Goals

My main goal was to come up with the three exploratory analyses and start coding the descriptives and plot for my first question.

Questions

  1. Was there a significant difference between sexes in each country for how much they lied?
  2. Was there a significant difference between younger (=<23) or older (>23) in each condition?
  3. Are there significant differences between different religions? (Christian, Buddhism, Judaism, Muslim)

These questions are subject to change, but I thought these questions were interesting and would show off different skills!

Coding for Q1

read libraries

library(tidyverse)
## -- Attaching packages --------------------------------------- tidyverse 1.3.1 --
## v ggplot2 3.3.5     v purrr   0.3.4
## v tibble  3.1.2     v dplyr   1.0.7
## v tidyr   1.1.3     v stringr 1.4.0
## v readr   1.4.0     v forcats 0.5.1
## -- Conflicts ------------------------------------------ tidyverse_conflicts() --
## x dplyr::filter() masks stats::filter()
## x dplyr::lag()    masks stats::lag()
library(janitor) # read csv
## 
## Attaching package: 'janitor'
## The following objects are masked from 'package:stats':
## 
##     chisq.test, fisher.test
library(ggplot2) # plot boxplot
library(gt) # create summary table
library(ggpubr) # statistical analyses

read nichols csv

data1 <- read_csv("~/RFiles/verification_report/Nichols_et_al_dataset_V2.0.csv")
## 
## -- Column specification --------------------------------------------------------
## cols(
##   .default = col_double(),
##   moneyclaim = col_character(),
##   `completion time (practice included)` = col_time(format = ""),
##   `completion time (payments only)` = col_time(format = ""),
##   Religion = col_character(),
##   `Religion Text` = col_character()
## )
## i Use `spec()` for the full column specifications.

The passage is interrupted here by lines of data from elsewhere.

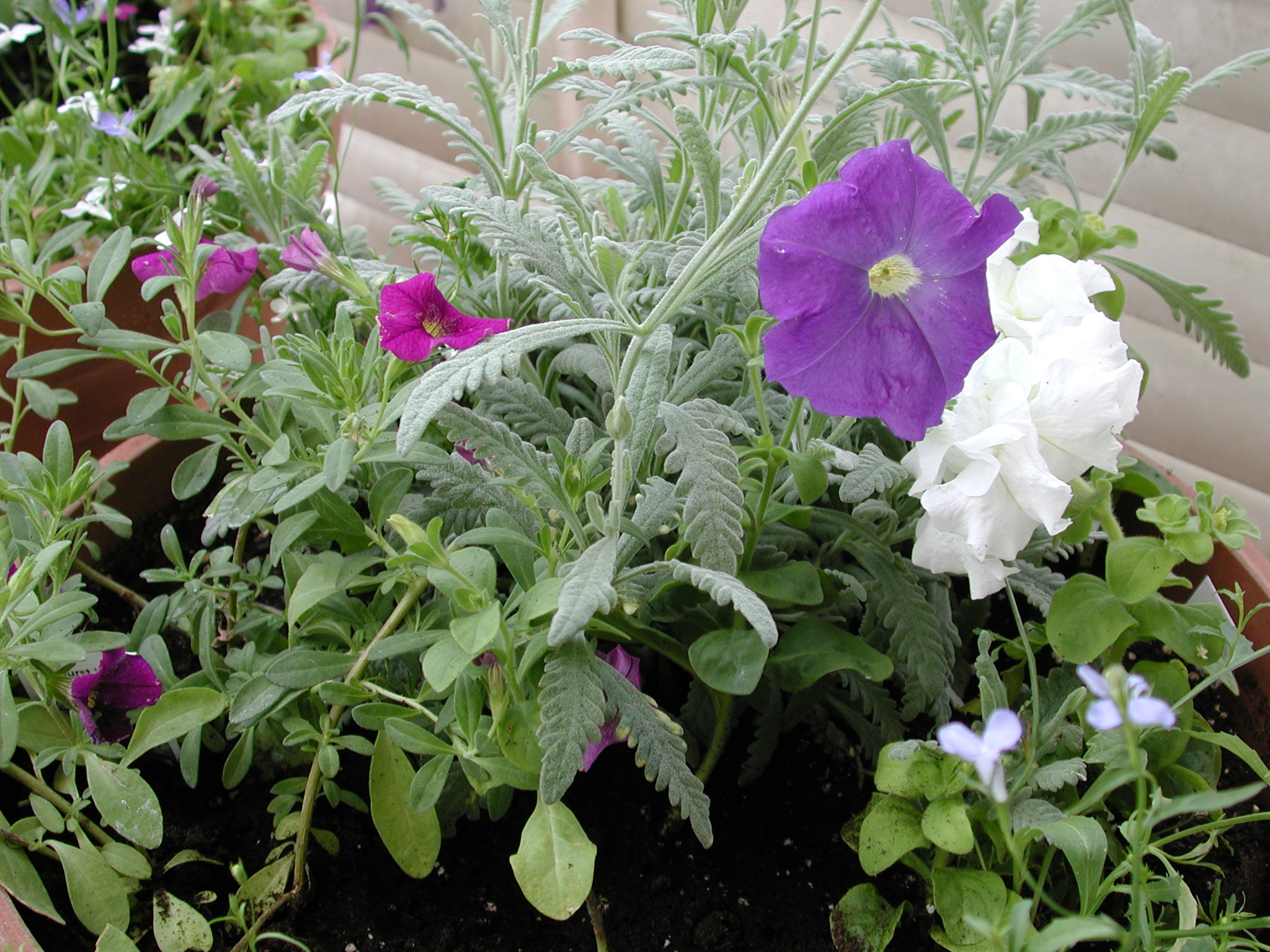 DSCN4345.JPG, 1081418 bytes, 7/14/02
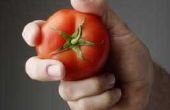 How to Grow grote rundvlees tomatenplanten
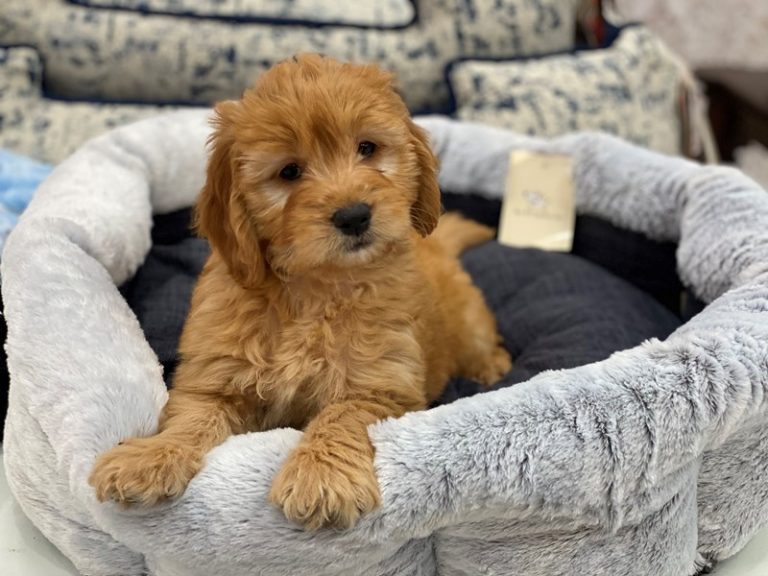 Rusty - Goldendoodle Mini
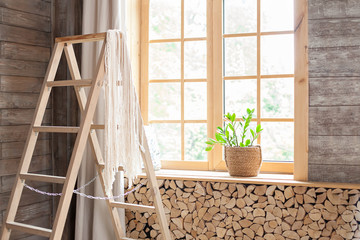 Large skylights with wooden trim, curtains and stepladder. Beautiful morning. Zamioculcas House...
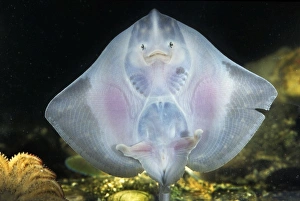 <b class=qtipBold><figcaption>European Plaice - swimming</figcaption></b><br>ME-2251 European Plaice - swimming Johan De Meester Please note that prints are for personal display purposes only and may not be reproduced in any way.<br><em>© Johan de Meester / ardea.com</em> European Plaice - swimming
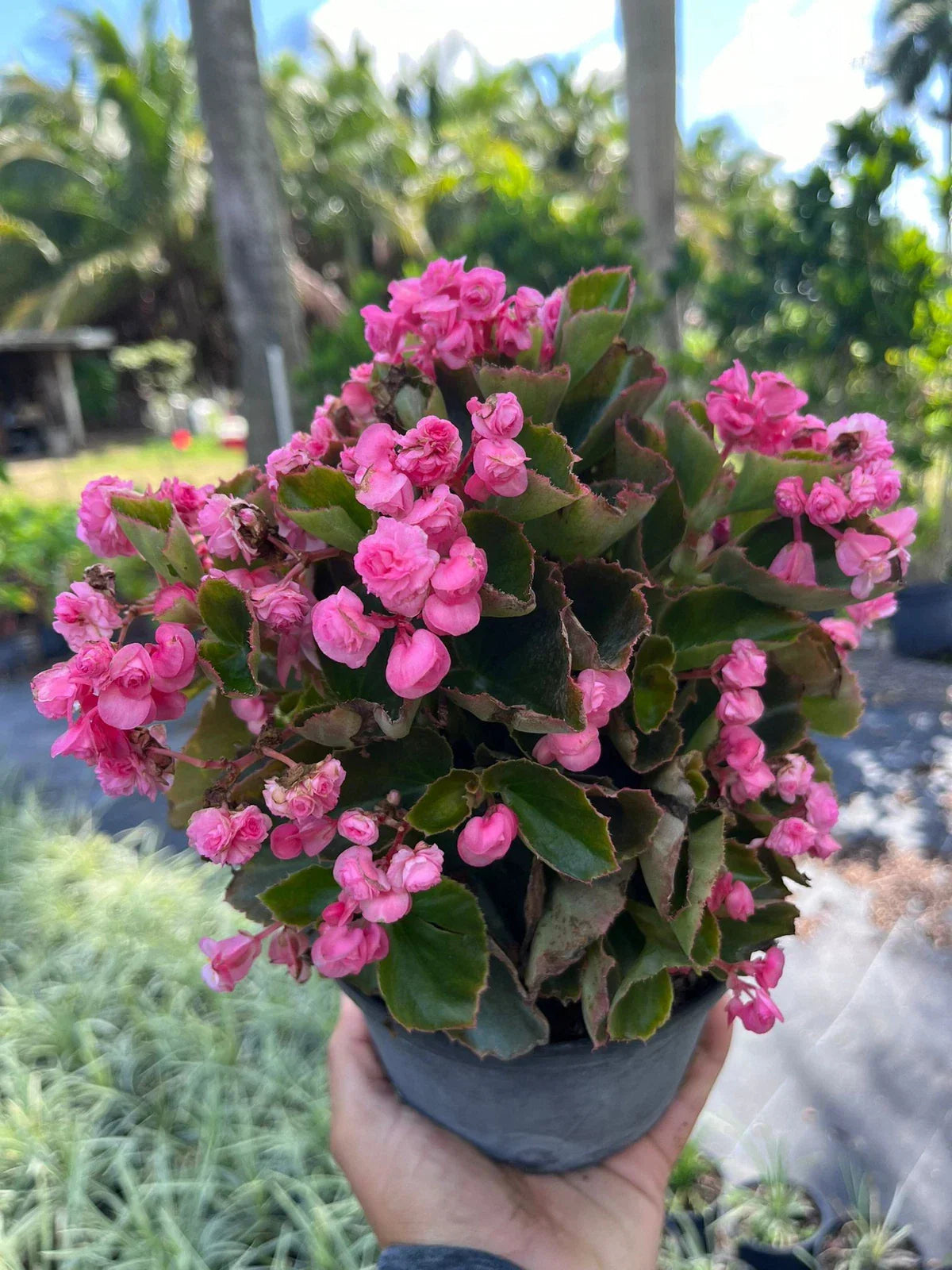 Live Pink Begonias Plant - Vibrant Pink Blooms, Easy Care Indoor & Outdoor Begonia
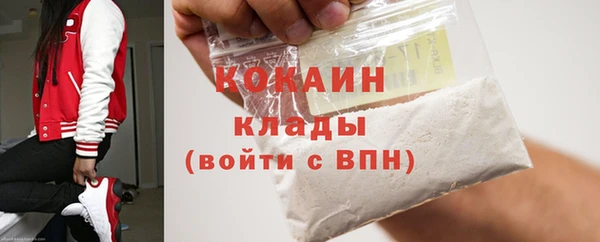 стаф Аркадак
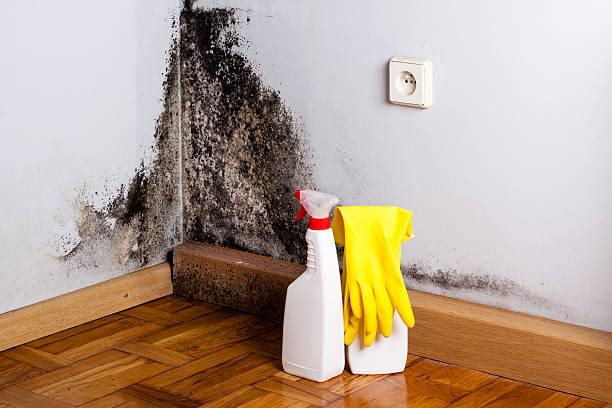 Best Mold Removal Company Near Me  in San Mateo, CA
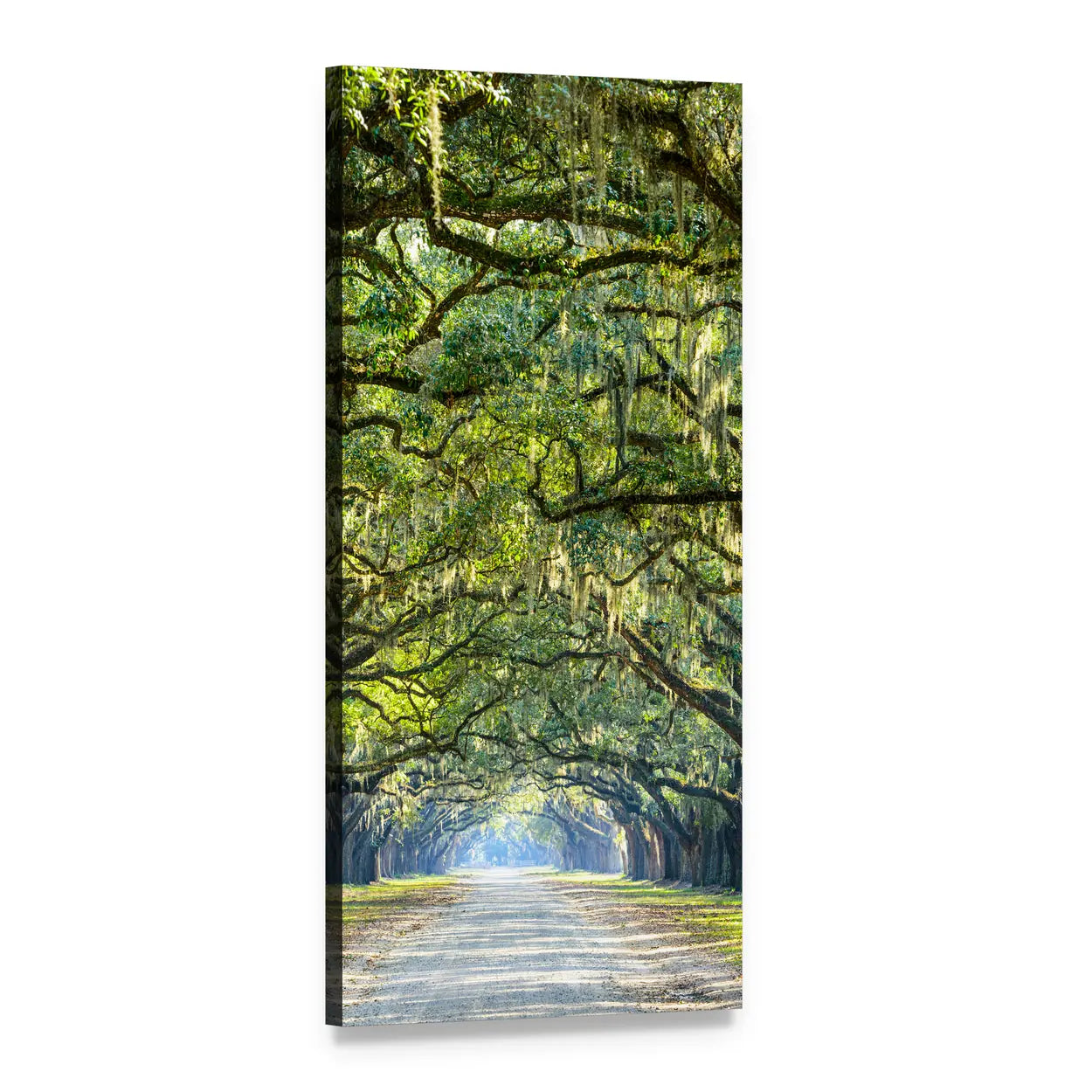 Oak Tree Tunnel with Spanish Moss Vertical Canvas Wall Art, 1 panel 1 Vertical layout gallery wrapped canvas set, angled product view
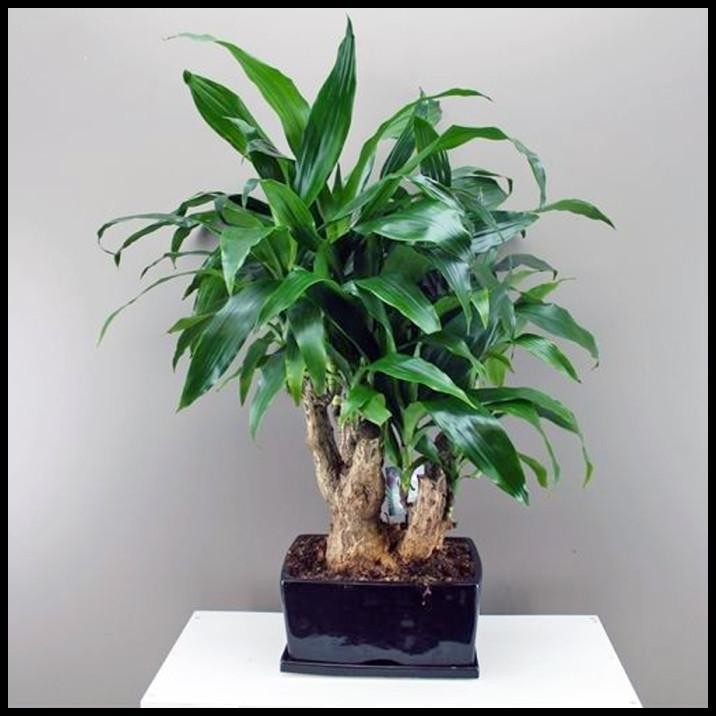 

GRATIS ONGKIR HANJUANG ANDONG HIJAU ULIR BOR DRACAENA FRAGRANS MASSANGEANA CORN 3040 !!!!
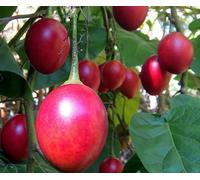 Graines de fruits de Tamarillo 100pcs rouge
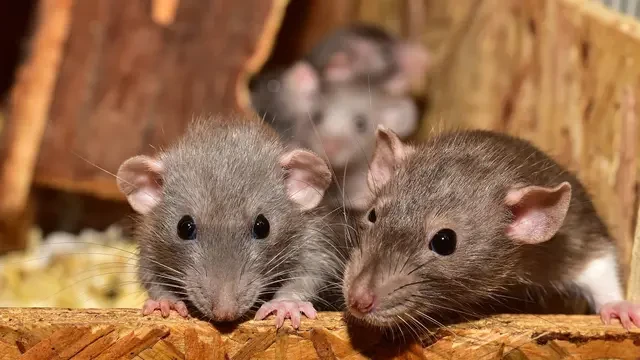Heboh Warga Pangkep Meninggal karena Kencing Tikus, Ini Hasil Laboratorium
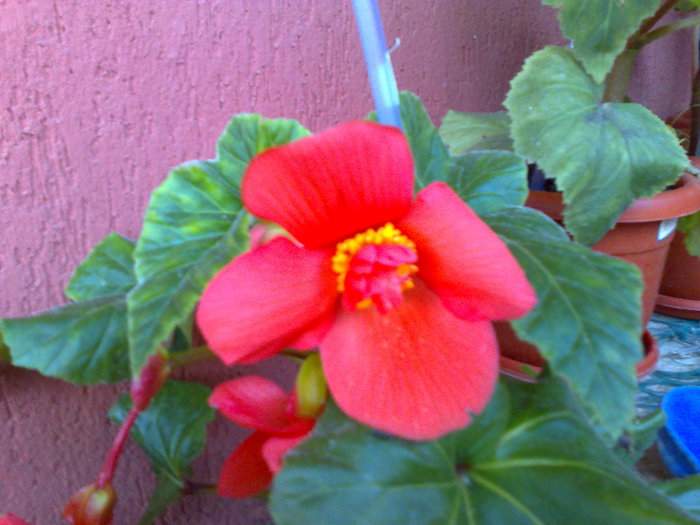 begonia rosie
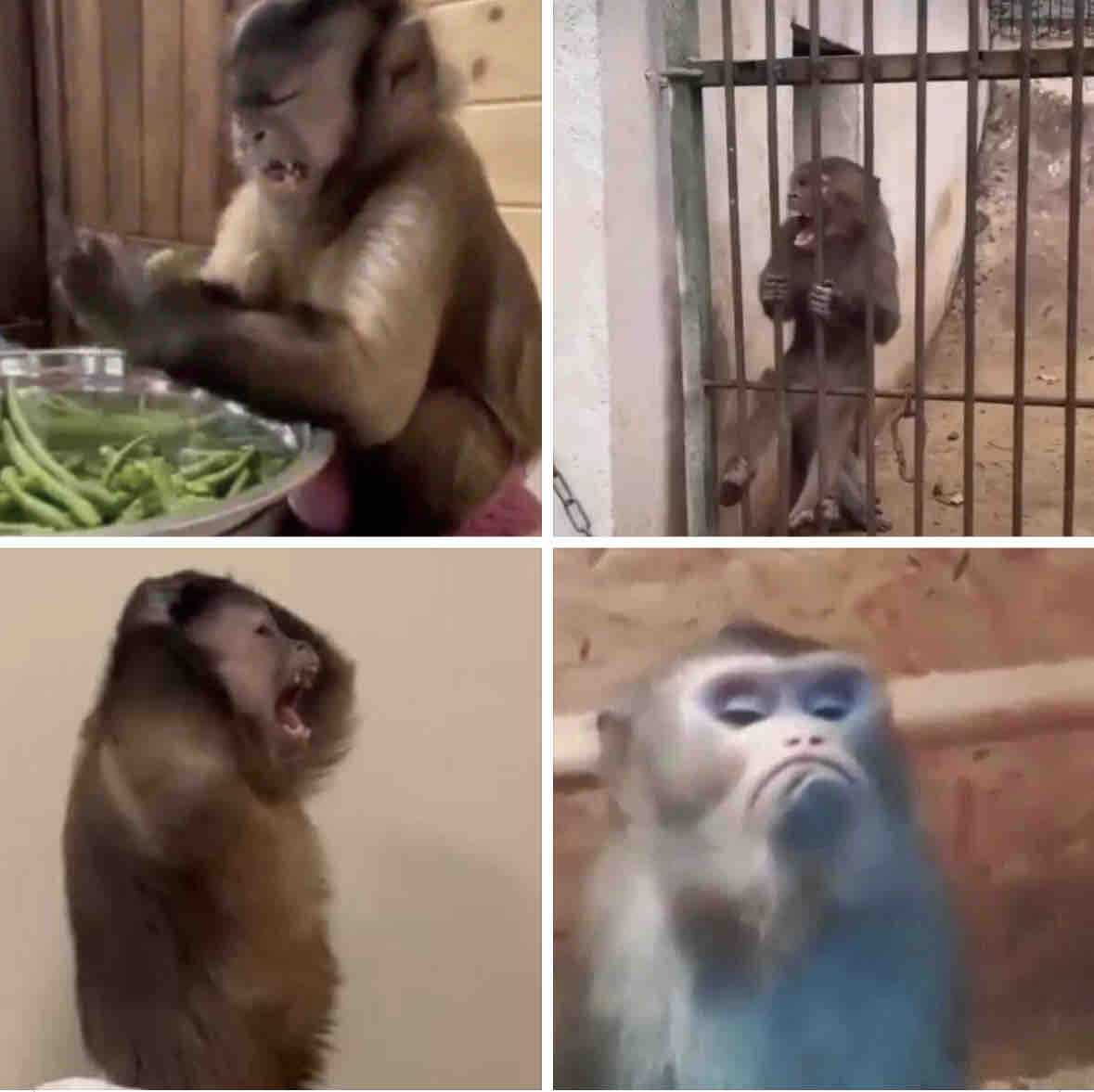 “No creo que el calor te ponga de mal humor”
 Yo:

rename variables + make tibble

I used the rename function to rename each variable like it was in the original paper. Then, I selected the relevant variables to make a cleaner dataset to look at. We used na.omit to get rid of any NA values in our dataset.

data1 <- data1 %>%  
  filter(include == 0) %>% 
  rename(cond = con,
         claimpercent = claim,
         claimmoney = moneyclaim,
         CT_practice = `completion time (practice included)`,
         CT_payments = `completion time (payments only)`,
         religiosity = relig,
         religion = Religion) %>% 
  select(site, claimpercent, id, sex) %>% 
  as_tibble()

data1 <- na.omit(data1)

rename each site

We had to rename each site variable to better fit with our codebook.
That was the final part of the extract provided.